#### Information supplied:
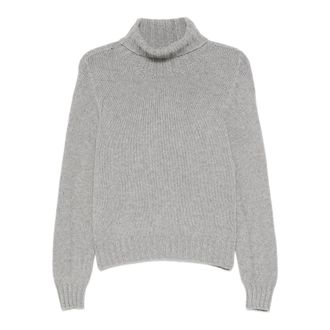 Aragona Sweaters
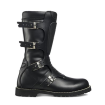 Cizme  Stylmartin Continental WP Black thumb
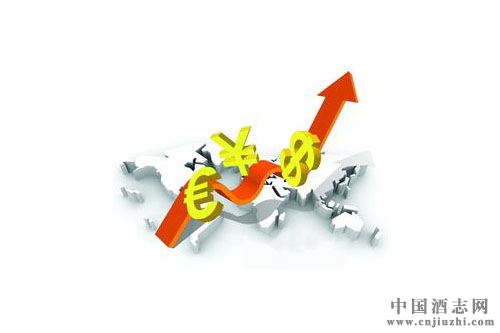 專家:白酒復(fù)蘇要到2018年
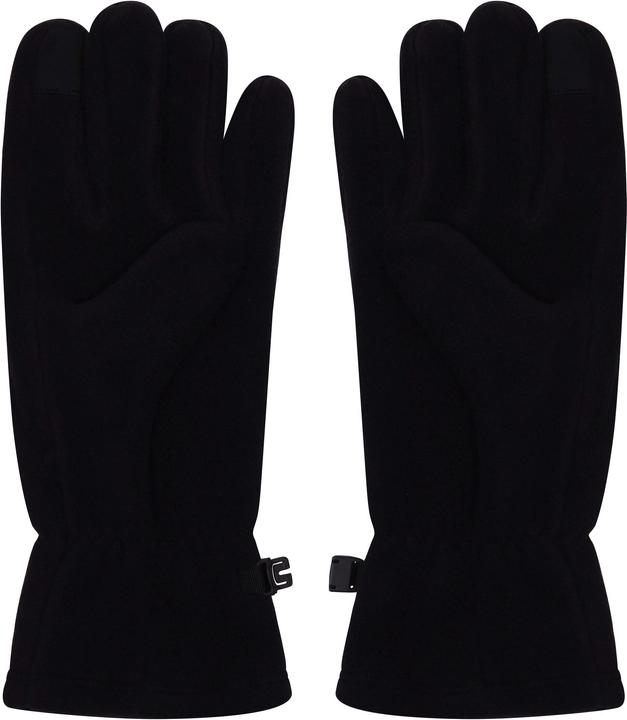 Produktbild Berghaus PRISM PolarTec (M, L)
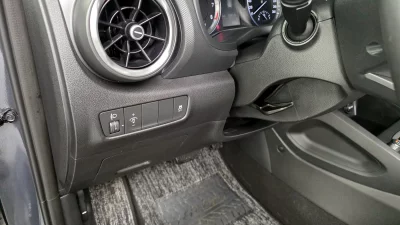 catalog-car-14
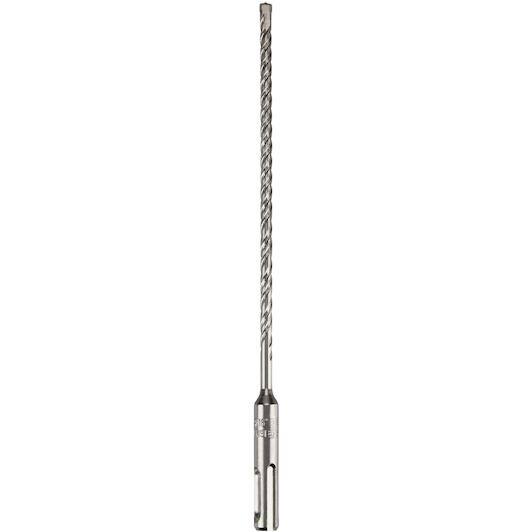 dewalt_dt8909_qz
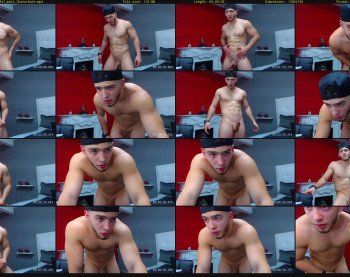 oliver_coltt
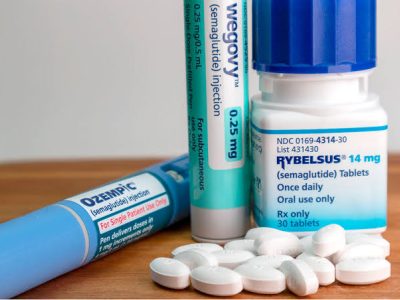 (Courriel : infohealthsupport@gmail.com) Acheter du Ozempic Mounjaro injections sans ordonnance à Paris France| Acheter Ozempic au Quebec Canada
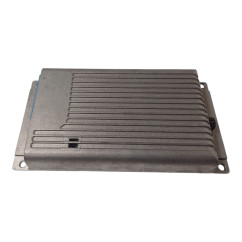 Centralina bluetooth telefono BMW Serie 5 E61 Touring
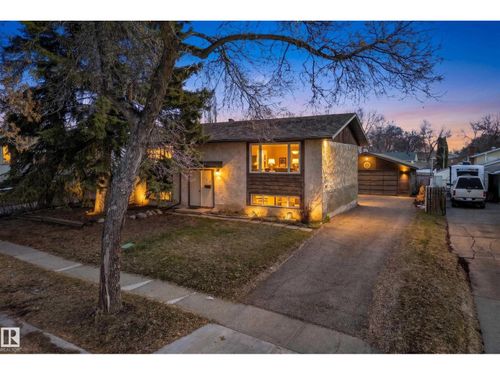 105 Mission Ave, St. Albert, AB, T8N2C5 | Card Image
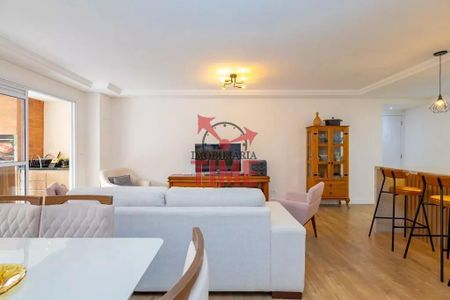 7_photo/94dce67203.27b4e4bfec8a6f33-ATLAS-41ec6f52-7105-401c-b78f-28cf6e9e4a8d.jpg de apartamento à venda com 3 quartos, 99m² em Bacacheri, Curitiba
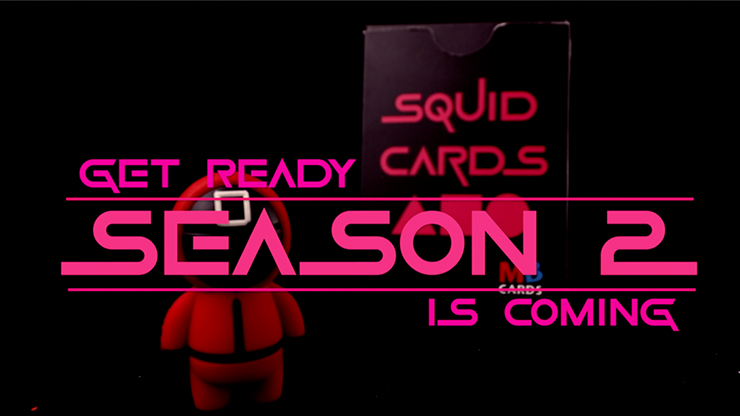 76499-full.png 76499-full.png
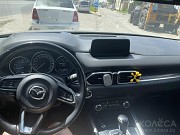 Mazda CX-5 2017 Астана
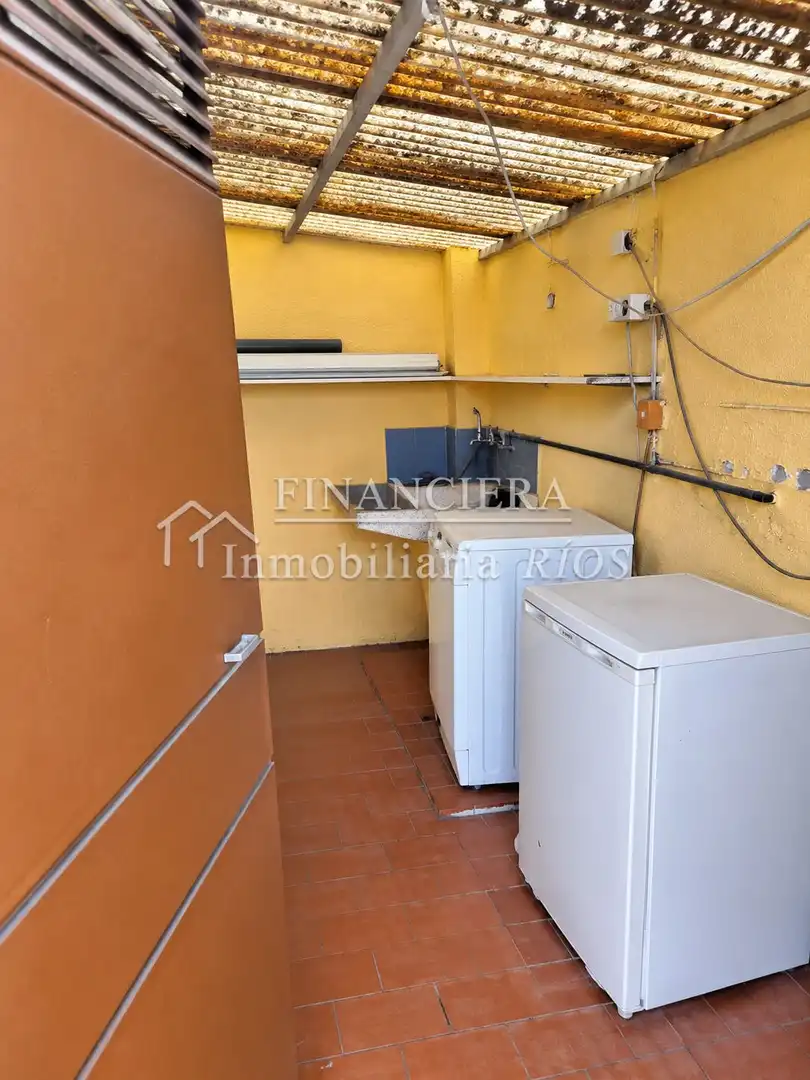 Casa en venta en Oromana, imagen 8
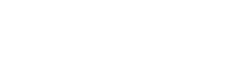 电机车,矿用电机车,矿山电机车,湘潭电机车,电机车配件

#### Assignment:
The line containing "Casa en venta en Oromana, imagen 8" marks the end: transcribe every line from the start of the listing up to and including it, minus the pictures.

#### Answer section:
 Aragona Sweaters
 Cizme  Stylmartin Continental WP Black thumb
 專家:白酒復(fù)蘇要到2018年
 Produktbild Berghaus PRISM PolarTec (M, L)
 catalog-car-14
 dewalt_dt8909_qz
 oliver_coltt
 (Courriel : infohealthsupport@gmail.com) Acheter du Ozempic Mounjaro injections sans ordonnance à Paris France| Acheter Ozempic au Quebec Canada
 Centralina bluetooth telefono BMW Serie 5 E61 Touring
 105 Mission Ave, St. Albert, AB, T8N2C5 | Card Image
 7_photo/94dce67203.27b4e4bfec8a6f33-ATLAS-41ec6f52-7105-401c-b78f-28cf6e9e4a8d.jpg de apartamento à venda com 3 quartos, 99m² em Bacacheri, Curitiba
 76499-full.png 76499-full.png
 Mazda CX-5 2017 Астана
 Casa en venta en Oromana, imagen 8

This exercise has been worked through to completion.